Identificação e análise funcional de sinais de secreção de Pichia pastoris

Abstract

Quase todos os vetores de expressão de Pichia pastoris utilizam a sequência da região pré-pró do fator-α de Saccharomyces cerevisiae como sinal de secreção, o qual pode ser processado incorretamente em condições de hiperexpressão. Utilizar um sinal de secreção nativo de P. pastoris pode contornar este problema, mantendo a estrutura correta da proteína heteróloga. Utilizando o software Signal P. 3.0, os peptídeos sinais de 13 proteínas nativas do secretoma e a região “pré-pró” do fator α putativo de P. pastoris foram identificados e em seguida suas sequências foram amplificadas via PCR. Essas sequências foram clonadas no vetor pPIC9, integradas e expressas nessa levedura, junto com o gene repórter α-amilase de Bacillus subtillis. O fator α de S. cerevisiae presente nesse vetor foi removido, permitindo que apenas as sequências testadas neste trabalho influenciassem a secreção da enzima heteróloga. Após análise dos halos de hidrólise em placa e ensaios enzimáticos utilizando sobrenadante de cultura, observou-se que pelo menos quatro sinais de secreção testados possuíam níveis de secreção semelhantes ao fator α de S. cerevisiae. O sequenciamento do N-terminal da α-amilase será feito por espectrometria de massa, após purificação da enzima em coluna de níquel, e permitirá a análise da eficiência de processamento dos peptídeos sinais testados. Este último teste permitirá a escolha de um novo sinal de secreção nativo de P. pastoris, introduzindo novas opções para expressão heteróloga nesta levedura, além das disponíveis comercialmente pela empresa Invitrogen (EUA). _________________________________________________________________________________ ABSTRACT

Almost all Pichia pastoris expression vectors uses Saccharomyces cerevisiae α-factor secretion signal, which can be improperly processed in conditions of hiperexpression. Using a native P. pastoris secretion signal should overcome this problem, maintaining the right structure of the heterologous protein. Using Signal P. 3.0 software, 13 secretion signals of native secretome proteins and the putative α factor of P. pastoris were identified and then their sequences were amplified via PCR. These sequences were cloned in pPIC9 vector, integrated and expressed in this yeast, along with a Bacillus subtillis α-amylase gene as a reporter. The S. cerevisiae α factor present in this vector was removed, allowing that only the sequences tested in this work had influence on the secretion of the heterologous enzyme.
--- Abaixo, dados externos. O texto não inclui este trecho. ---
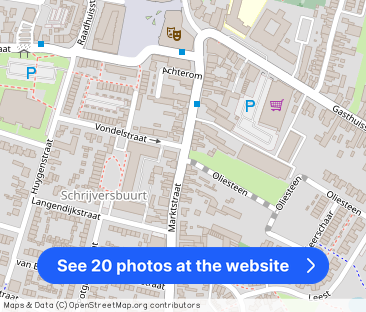 Gerenoveerde woning met 2 slaapkamers - Photo 1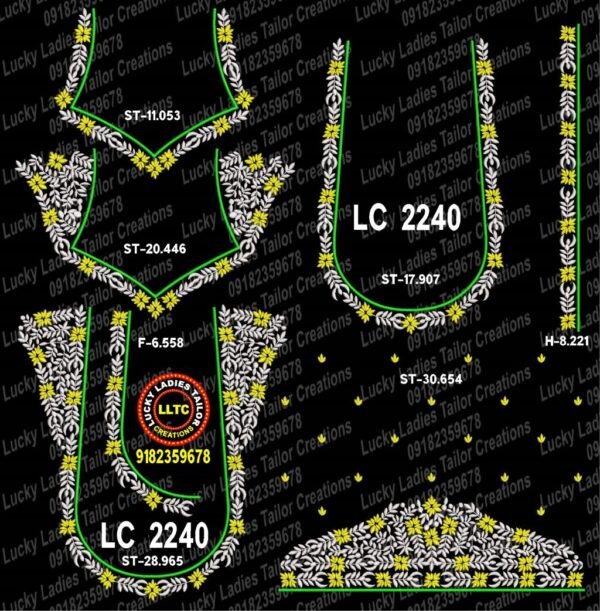 LC-2240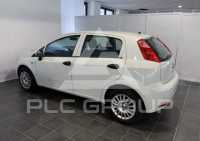 2016 Fiat Punto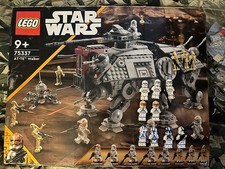 LEGO Star Wars 75337 AT-TE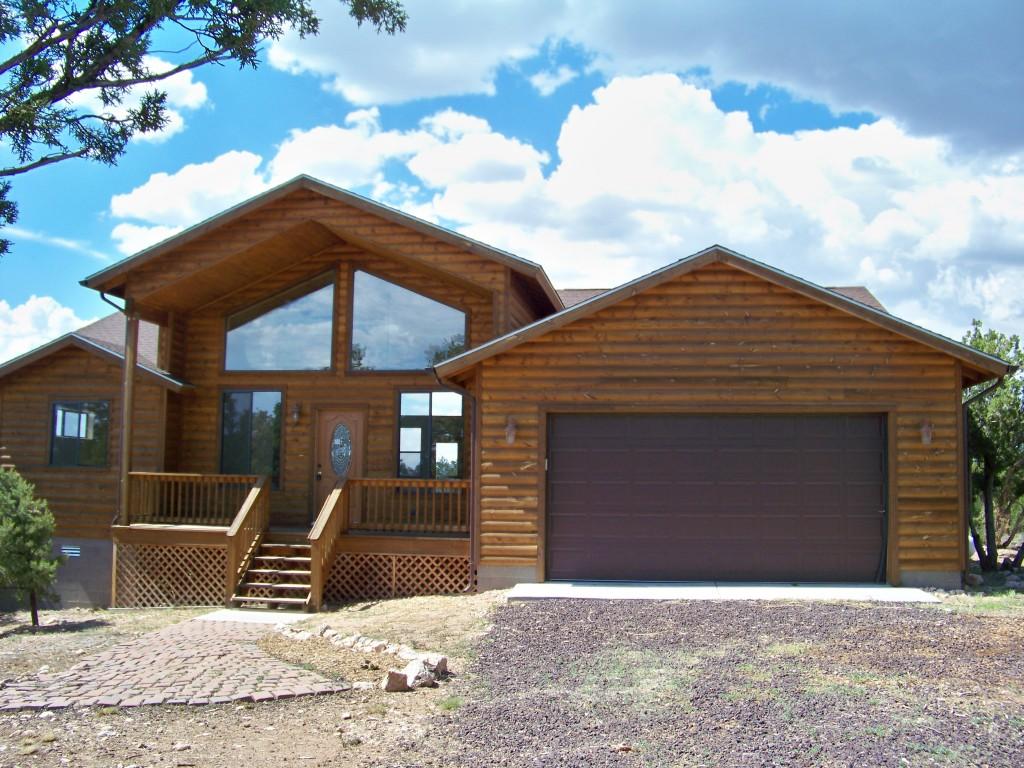 3315 Homestead, Heber, AZ 85928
After analyses of hydrolysis halos on plates and enzymatic assays using culture supernatants, it was observed that at least four secretion signals tested had similar secretion levels of the S. cerevisiae α factor. Sequencing of the N-terminus of α-amylase will be carried out by mass spectrometry, after purification of the enzyme in a nickel based column, and will allow analysis of processing efficiency of the signal peptides tested. The latter test will enable the selection of a new native P. pastoris secretion signal, introducing new options for heterologous expression in this yeast, aside the ones commercially available by Invitrogen Company (USA).